Gridwealth CEO outlines expansion in eight states to develop 500 MW by 2027

In the three years following the merger of MassAmerican Energy and Hampshire Power, now known as Gridwealth, the company has laid the groundwork to overcome various renewable energy development challenges and delays, said CEO David Ellis, in an interview with NPM.

Now, the developer, owner, and operator of renewable energy assets, has set out to expand their portfolio in eight states with a target of 500 MW of commercial solar by 2027. Projects will consist of rooftop, canopy, and ground-mounted facilities.

“We’re finally ready to go to scale,” Ellis said. “I’ve been working for over three years to put the company in the position to get to scale and the biggest thing we had to solve for was cash flow challenges by project, program or utility delay.”

All solar developers face project, program, and utility challenges that could result in cashflow destruction, Ellis said, but Gridwealth has the capacity to overcome many of the challenges by having a “predictable cashflow machine.”

“We set up a retail power company and it is the razorblade business,” he added. “It adds stability so that we can take on this rapid expansion.”

Currently, Gridwealth has about 150 commercial solar projects completed or under construction in Massachusetts, New York, New Jersey, Illinois, and Rhode Island. Their expansion plans include California, Colorado, Maryland, Michigan, New York, Pennsylvania, Virginia, and Wisconsin.

The states were strategically selected because they are deregulated power states with community shared solar programs, Ellis said.

“It is those two key elements that allow us to bring forward our development skill sets and experience for both battery storage and solar, along with our retail power supply and energy service business,” he said.

The company is seeking site control of properties in each of the eight states to begin the development process.

“If we’re going into a state, it’s because we know it’s economically viable and that means we can make an offer to the landowner or building owner and start the development cycle—even when there’s some volatility remaining, or uncertainty in the final program that’s going to be launched,” Ellis said.

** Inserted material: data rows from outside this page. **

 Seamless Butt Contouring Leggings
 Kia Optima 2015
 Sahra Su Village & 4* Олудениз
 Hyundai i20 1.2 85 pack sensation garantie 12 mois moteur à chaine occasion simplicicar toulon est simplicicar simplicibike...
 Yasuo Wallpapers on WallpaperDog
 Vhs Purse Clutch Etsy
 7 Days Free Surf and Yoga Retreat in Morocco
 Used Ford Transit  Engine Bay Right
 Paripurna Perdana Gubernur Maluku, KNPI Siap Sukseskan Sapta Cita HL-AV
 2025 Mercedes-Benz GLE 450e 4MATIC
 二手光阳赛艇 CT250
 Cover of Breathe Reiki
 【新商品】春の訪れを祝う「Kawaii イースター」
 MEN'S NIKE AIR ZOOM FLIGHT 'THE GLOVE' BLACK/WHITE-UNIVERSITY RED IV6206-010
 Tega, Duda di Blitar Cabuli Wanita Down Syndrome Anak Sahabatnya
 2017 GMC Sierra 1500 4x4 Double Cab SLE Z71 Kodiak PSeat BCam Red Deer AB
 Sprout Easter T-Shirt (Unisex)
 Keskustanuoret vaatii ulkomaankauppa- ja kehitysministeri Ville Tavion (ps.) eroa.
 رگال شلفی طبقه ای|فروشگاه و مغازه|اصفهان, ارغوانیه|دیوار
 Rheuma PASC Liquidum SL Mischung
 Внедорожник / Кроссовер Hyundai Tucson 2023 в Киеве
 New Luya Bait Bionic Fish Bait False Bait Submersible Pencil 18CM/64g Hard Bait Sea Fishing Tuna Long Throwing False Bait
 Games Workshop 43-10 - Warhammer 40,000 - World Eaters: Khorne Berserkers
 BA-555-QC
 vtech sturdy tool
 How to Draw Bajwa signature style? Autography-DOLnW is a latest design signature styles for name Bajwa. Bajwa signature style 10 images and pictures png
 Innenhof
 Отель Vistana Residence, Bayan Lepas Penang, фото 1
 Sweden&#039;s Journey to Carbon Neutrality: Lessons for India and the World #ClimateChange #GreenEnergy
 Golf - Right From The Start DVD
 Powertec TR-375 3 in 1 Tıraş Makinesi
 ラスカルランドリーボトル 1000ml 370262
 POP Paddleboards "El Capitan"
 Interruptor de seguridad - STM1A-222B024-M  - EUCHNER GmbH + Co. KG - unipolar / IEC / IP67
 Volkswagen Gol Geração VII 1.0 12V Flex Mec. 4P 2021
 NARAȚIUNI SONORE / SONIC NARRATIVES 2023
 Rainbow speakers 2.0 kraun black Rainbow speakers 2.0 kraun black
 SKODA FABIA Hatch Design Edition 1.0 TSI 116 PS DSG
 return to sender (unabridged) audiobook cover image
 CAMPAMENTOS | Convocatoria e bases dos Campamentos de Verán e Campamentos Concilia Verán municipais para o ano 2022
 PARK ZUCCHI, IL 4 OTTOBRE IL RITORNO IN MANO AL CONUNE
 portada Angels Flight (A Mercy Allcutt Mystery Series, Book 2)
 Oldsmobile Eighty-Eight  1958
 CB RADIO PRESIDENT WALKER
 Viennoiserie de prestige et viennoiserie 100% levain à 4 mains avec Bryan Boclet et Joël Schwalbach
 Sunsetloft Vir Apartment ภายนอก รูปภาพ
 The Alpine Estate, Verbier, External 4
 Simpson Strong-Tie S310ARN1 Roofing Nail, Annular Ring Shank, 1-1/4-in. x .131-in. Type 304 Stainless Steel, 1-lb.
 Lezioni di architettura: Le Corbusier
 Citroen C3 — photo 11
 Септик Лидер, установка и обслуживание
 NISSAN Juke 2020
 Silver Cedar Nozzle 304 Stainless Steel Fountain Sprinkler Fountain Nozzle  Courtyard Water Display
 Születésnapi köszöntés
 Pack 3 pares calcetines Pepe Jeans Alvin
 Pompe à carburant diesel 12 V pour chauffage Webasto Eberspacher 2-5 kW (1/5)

While Wisconsin is the only regulated power state on the list, Ellis believes there is enough momentum to turn it into a community shared solar state.

“We believe that Wisconsin is going to be moving forward with a community shared solar program, and we’re actively lobbying the legislature and all the stakeholders to make sure that that comes to pass,” Ellis said. “And if it’s not community shared solar, we think Wisconsin is ready to move forward with some kind of program that won’t be controlled completely by the utility.”

A recent development in the Badger State came when the Wisconsin house introduced a community solar companion bill or AB 258 to mirror the Senate Bill, SB 226 that was introduced in April.

Gridwealth is in negotiations with commercial real estate owners in the state with industrial facilities who are looking to benefit from renewable energy by offering their tenants, Fortune 2000 companies, opportunities to meet their Environmental, Social, and Governance (ESG) goals, Ellis said.

“It’s so imperative right now. ESG is becoming a big motivation and if you’re not able to provide that, you become second tier,” he said.

Ellis also predicts that by 2025, battery storage will be about 50 percent of their development, and described battery storage programs and policies across the country as “anemic.”

“We’re not gaining any ground,” Ellis said, adding that in order to truly reduce the carbon footprint, battery storage must be included in all projects to avoid dumping power.

“We don’t need additional power created at 2 p.m. in the afternoon,” he said. “We need power in the evening or other times of day, and we must have battery storage to facilitate that.”

Ellis said the company is actively developing battery storage systems in several states but admitted it’s not great; “It’s quite—as I said—anemic.”